##### MATERIAL SUPPLIED #####
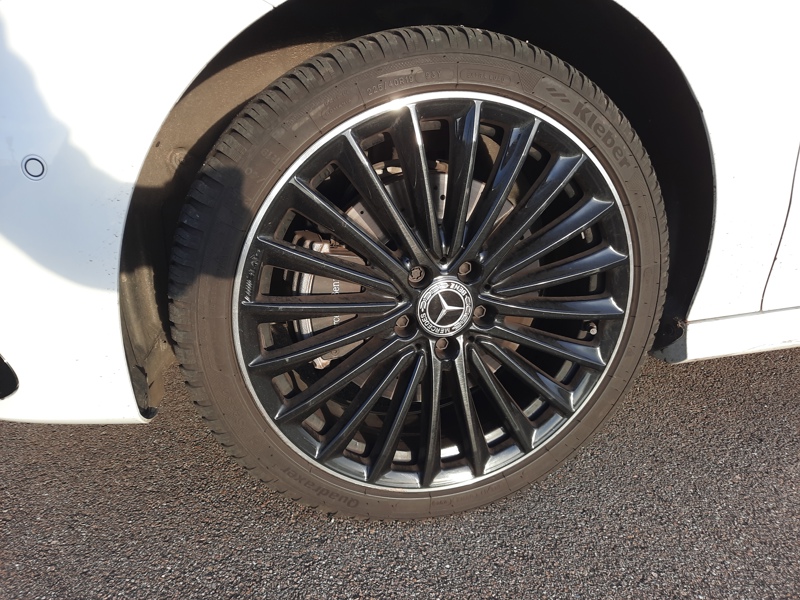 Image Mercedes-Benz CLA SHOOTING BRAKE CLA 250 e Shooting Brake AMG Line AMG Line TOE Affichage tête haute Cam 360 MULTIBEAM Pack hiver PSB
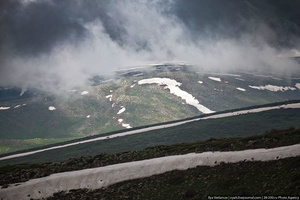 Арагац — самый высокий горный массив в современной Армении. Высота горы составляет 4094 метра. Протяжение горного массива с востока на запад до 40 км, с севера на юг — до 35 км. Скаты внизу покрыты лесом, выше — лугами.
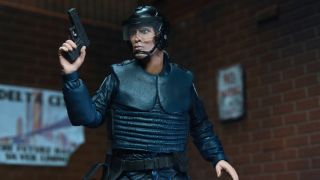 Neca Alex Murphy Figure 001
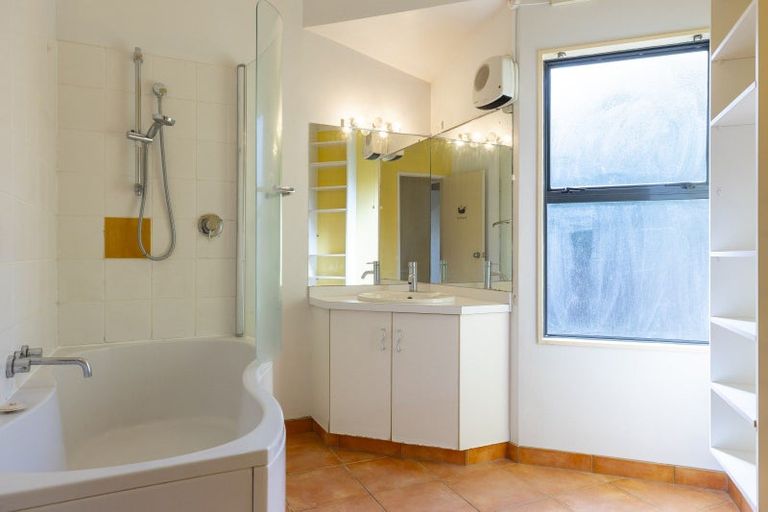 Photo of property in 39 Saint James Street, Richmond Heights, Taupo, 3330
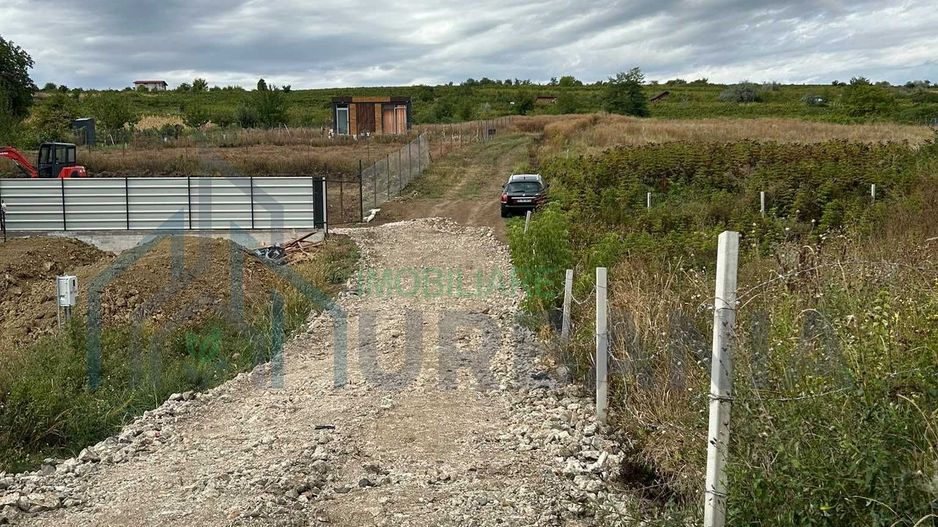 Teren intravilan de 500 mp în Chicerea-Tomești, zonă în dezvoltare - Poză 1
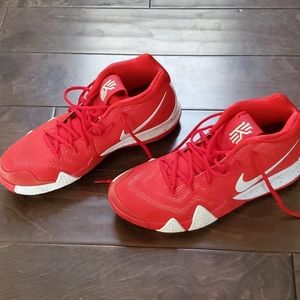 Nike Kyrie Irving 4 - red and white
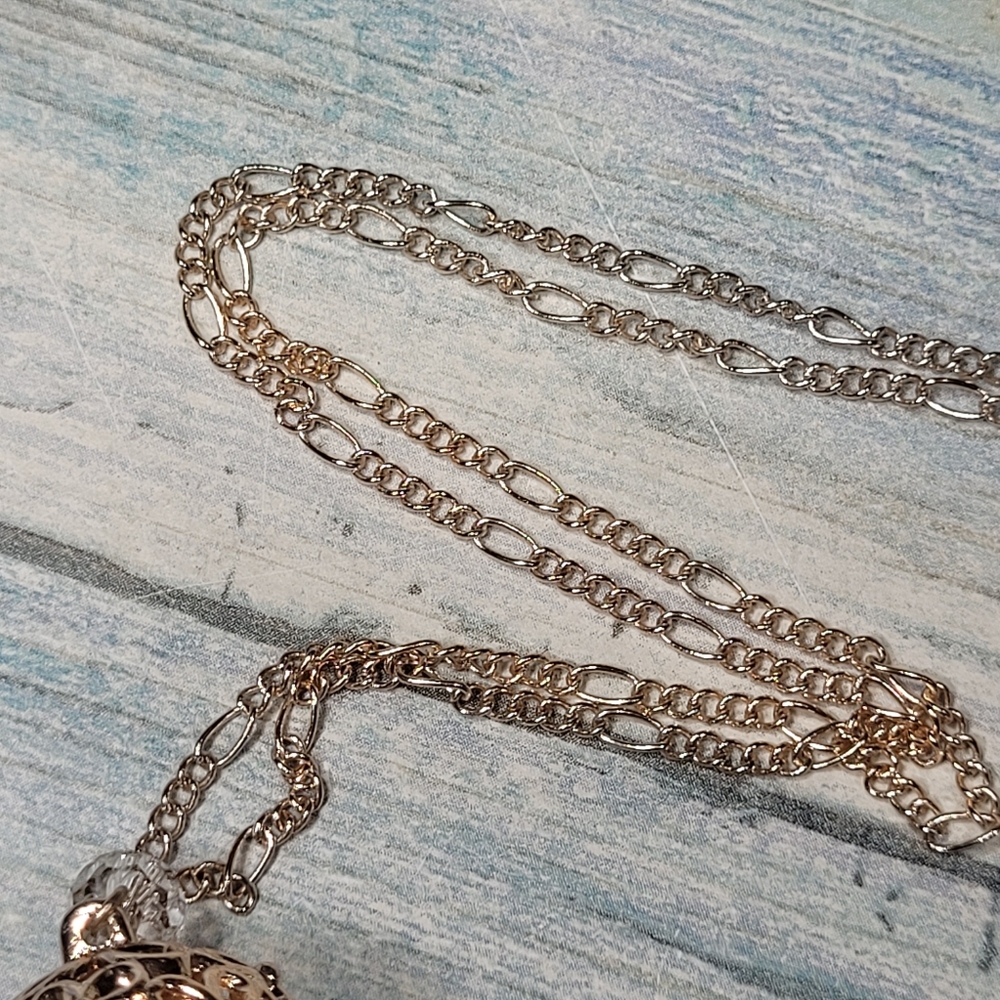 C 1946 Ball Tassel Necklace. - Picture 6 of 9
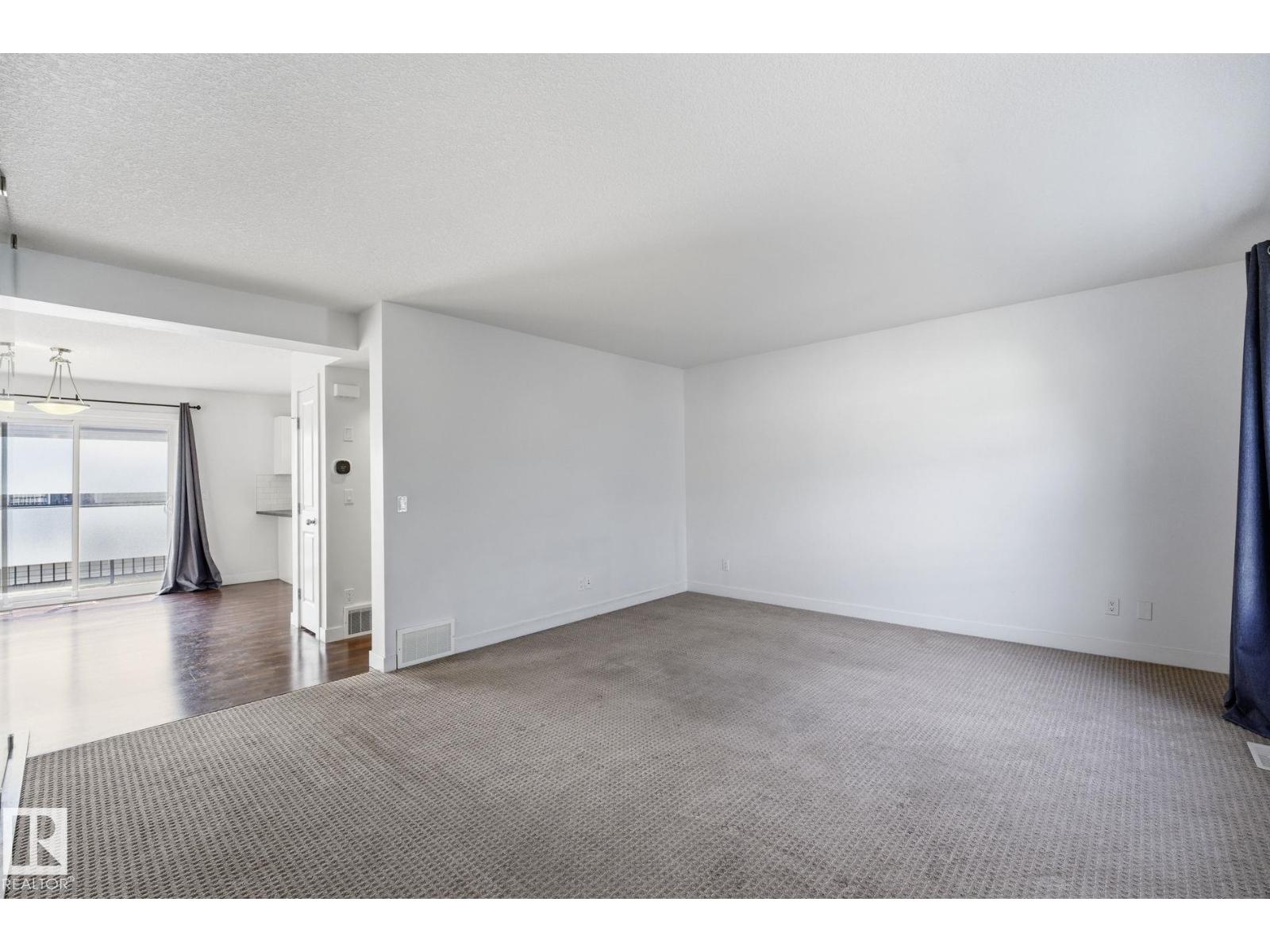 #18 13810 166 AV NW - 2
#####
**WORK REQUEST:**
The answer is the full listing above, reproduced character for character, minus its images.

**YOUR RESPONSE:**
 Image Mercedes-Benz CLA SHOOTING BRAKE CLA 250 e Shooting Brake AMG Line AMG Line TOE Affichage tête haute Cam 360 MULTIBEAM Pack hiver PSB
 Арагац — самый высокий горный массив в современной Армении. Высота горы составляет 4094 метра. Протяжение горного массива с востока на запад до 40 км, с севера на юг — до 35 км. Скаты внизу покрыты лесом, выше — лугами.
 Neca Alex Murphy Figure 001
 Photo of property in 39 Saint James Street, Richmond Heights, Taupo, 3330
 Teren intravilan de 500 mp în Chicerea-Tomești, zonă în dezvoltare - Poză 1
 Nike Kyrie Irving 4 - red and white
 C 1946 Ball Tassel Necklace. - Picture 6 of 9
 #18 13810 166 AV NW - 2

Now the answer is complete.